*** DATA EXTRACT ***

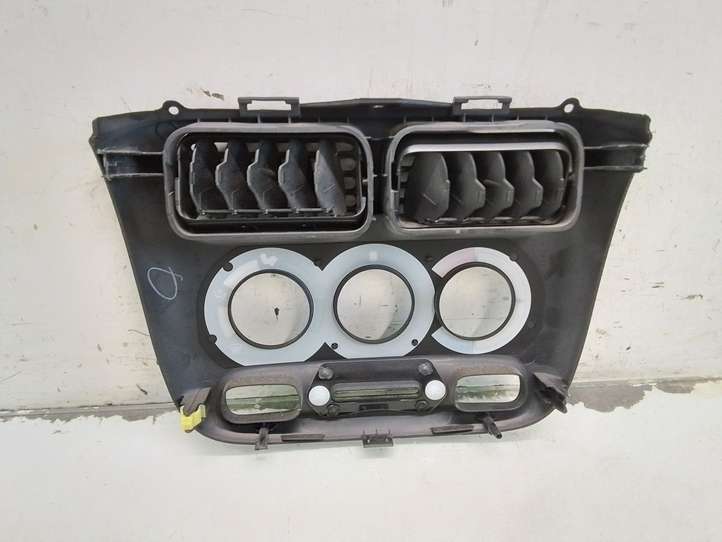 Suzuki Ignis (2000 - 2003)   Отделка контроля климата / контроля печки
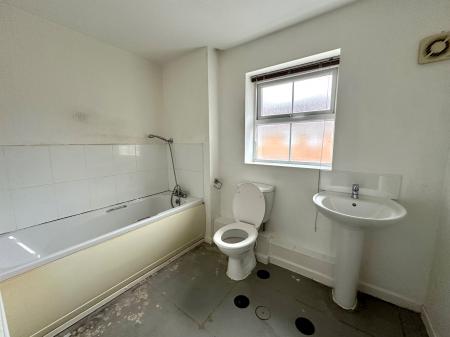 3 bedroom Detached house for sale in Puddlers Grove, Wednesbury, Wednesbury, WS10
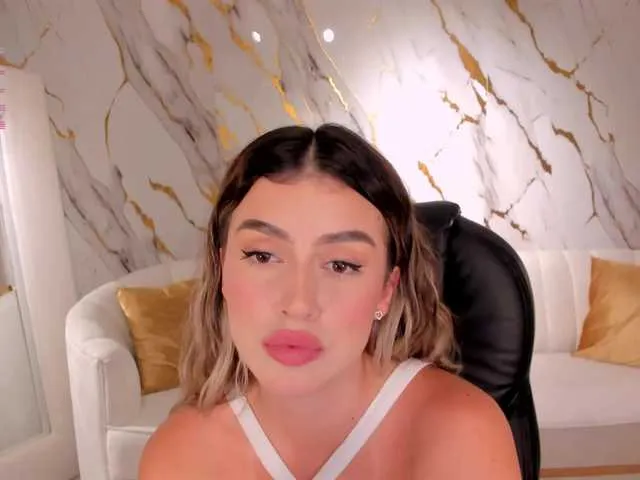 Live sex webcam photo for PaulinaSantos1 #290618419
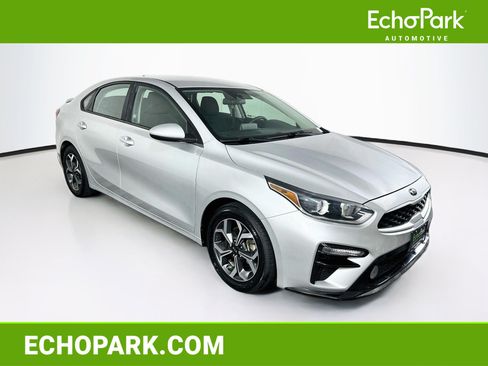 Used 2020 Kia Forte LXS FWD image 1
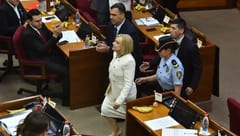 Alicia Pucheta promete “seguridad jurídica” tras juramento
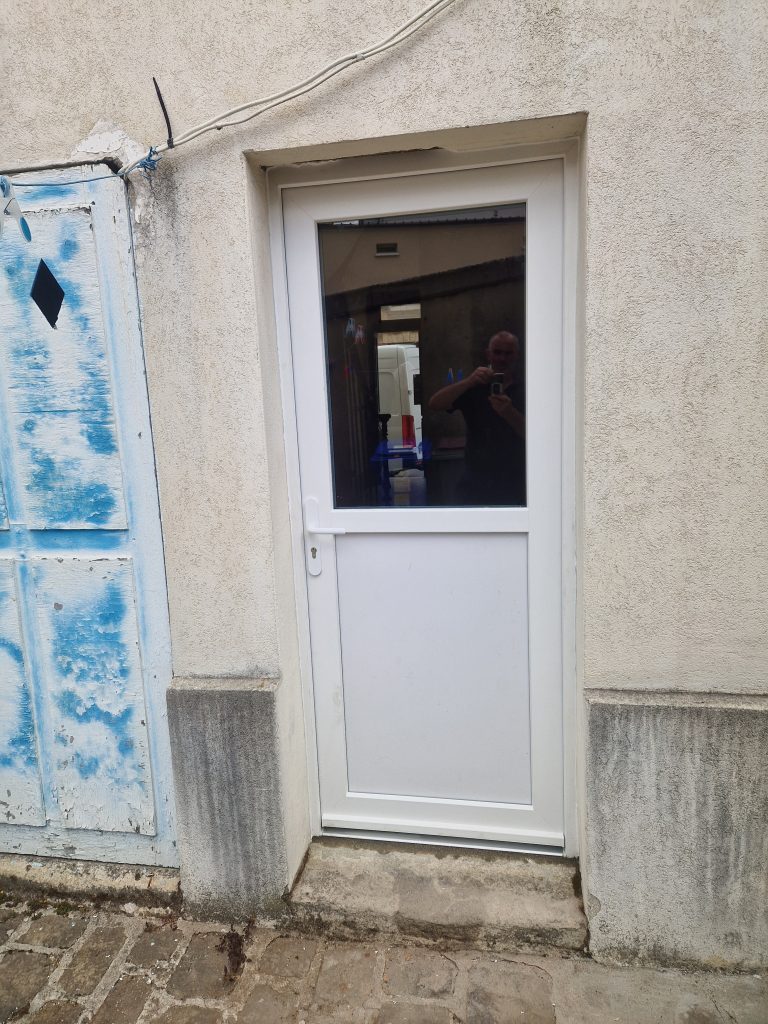 Porte PVC installée pour une cour commune d'immeuble en copropriété à Paris par Ludovic COLAS, menuisier et dirigeant CMS Menuiserie.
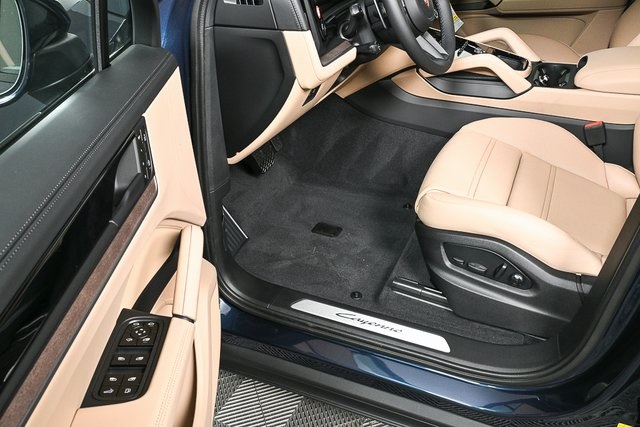 2026 Porsche Cayenne E-Hybrid Coupe photo 8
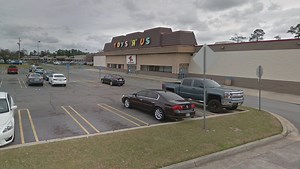 Closeout retailer headed to Toys R Us building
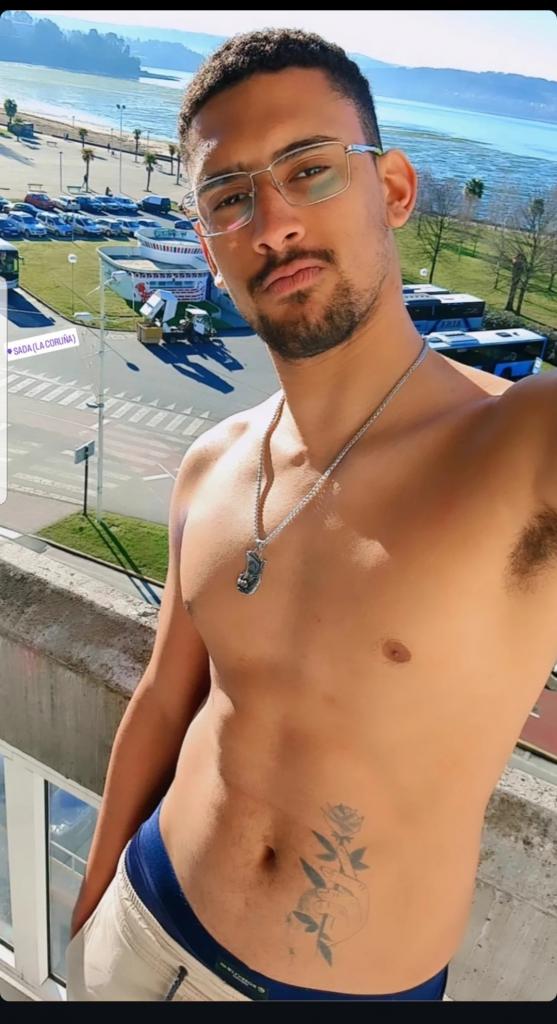 Chico busca chica en La Coruña:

*** End of DATA EXTRACT ***

GOAL OF THE EXERCISE — Transcribe exactly the span of lines that opens with the line holding "Used 2020 Kia Forte LXS FWD image 1" and closes with the last line of the entries above. Omit pictures.

YOUR RESPONSE —
 Used 2020 Kia Forte LXS FWD image 1
 Alicia Pucheta promete “seguridad jurídica” tras juramento
 Porte PVC installée pour une cour commune d'immeuble en copropriété à Paris par Ludovic COLAS, menuisier et dirigeant CMS Menuiserie.
 2026 Porsche Cayenne E-Hybrid Coupe photo 8
 Closeout retailer headed to Toys R Us building
 Chico busca chica en La Coruña:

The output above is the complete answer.